In the last half of the 19th century and up to the start of WW1 millions of British citizens left, mainly to North America, Australia, South Africa and New Zealand.

In the 1950s and 1960s people left in great numbers for Australia – the ‘£10 Poms’ – attracted by subsidised travel and settlement to leave austerity Britain.

From the 1960s to 1980s the UK lost more people to emigration than it gained from immigration. A strong pound and rising house prices encouraged people to buy property abroad. Favoured destinations were Australia, New Zealand, USA, Spain, France. Through the 1990s and into the 21st century British people continued to move to work or retire in the EU, though the economic crisis since 2008 has seen fewer people retire there.

Freedom to study, work, reside in other member states is one of the key tenets of the EU. Relatively few UK citizens study in other EU countries but many work and live there. It is estimated that 2.2 million UK citizens live and work in other EU member states of whom over one million are in Spain and 400,000 claim the UK state pension.


In 2014, figures covering 2010 were put forward in response to a parliamentary question in the House of Lords. Compared to the 2.3 million EU citizens in the UK, including people who came from Poland and nine other member states joined the EU in 2004, British consular authorities estimate that 2.2 million Britains live in the other 26 member states, excluding Croatia that joined in 2013.  

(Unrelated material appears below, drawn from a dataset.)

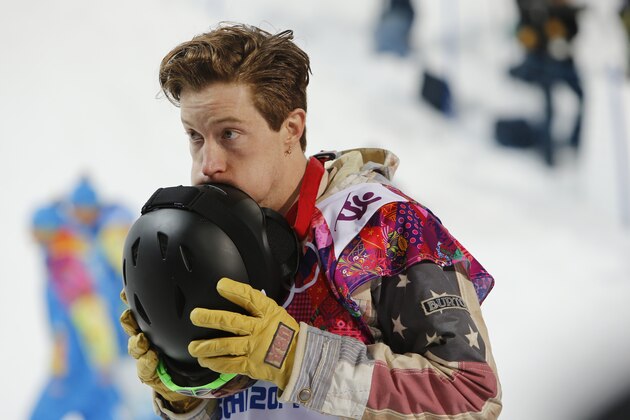 Feb 11, 2014; Krasnaya Polyana, RUSSIA; Shaun White (USA) reacts after the men's snowboarding halfpipe finals of the Sochi 2014 Olympic Winter Games at Rosa Khutor Extreme Park.  Mandatory Credit: Nathan Bilow-USA TODAY Sports
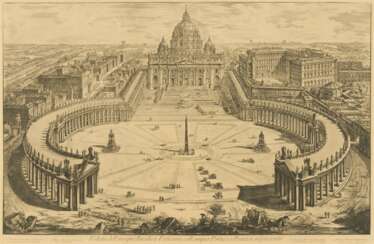 Veduta dell'insigne Basilica Vaticana coll'ampio Portico, e Piazza adjacente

Of the 2.2 million one million are in Spain and 400,000 claim the UK state pension.


Immigration to the UK

Because we are an island nation there was relatively little immigration into Britain from the period of the Norman Conquest (1066) until the mid 20th century.

Flemings came in small numbers to work in the textile industry in the Middle Ages.
Huguenots emigrated from France in two waves; in 1572 following the St Bartholomew’s Day Massacre in Paris and from 1685 following the Revocation of the Edict of Nantes. By 1700 around 50,000 had settled in England, about 1% of a population of five to six million.
Around 50 000 European Jews arrived in the 19th century, joining a population of about 30 million.
In the 1930s about 70,000 refugees from Nazi Germany were admitted.
Many East Europeans settled in the UK after WW2 rather than live under Russian occupation, notably Poles, and thousands of displaced people found work here.
Until the 1950s the most substantial immigration came from Ireland.
In 1956, the crushing of the Hungarian Revolution saw nearly 21,000 Hungarians arrive.

 

Migration from the Commonwealth

Immigration from the Commonwealth effectively began in the 1950s. There were no immigration controls for Commonwealth citizens and they arrived as economic migrants, filling gaps in the UK labour market for largely unskilled labour. The majority came from the Indian sub-continent, following Partition in 1947, and from the Caribbean.
Flows increased:     3,000 p.a. in 1953
    46,800 p.a. in 1956
  136,400 p.a. in 1961
Since 1963 the settlement of Commonwealth immigrants is estimated at 2.5 million.
Until the 1980s the effect on the total population was counterbalanced by the emigration of British citizens.

This increasing flow of immigrants led to some racial tensions and the start of restrictions in a series of Commonwealth Immigration Acts:
    1962 – requirement to have a work voucher
    1968 – tighter controls and definitions
    1971 – work vouchers replaced by work permits

In 1967 Asians from Kenya and Uganda who had retained British citizenship after these former colonies gained independence began to arrive in the UK.
In 1972 Asians were expelled from Uganda by President Idi Amin and 27,000 were permitted to settle in the UK under the terms of the Uganda Resettlement Board.


Migration from the EU

2004 saw the next significant increase in migration with the accession to the EU of the A8 countries.(Slovenia, Slovakia, Czech Republic, Hungary, Poland, Estonia, Latvia, Lithuania)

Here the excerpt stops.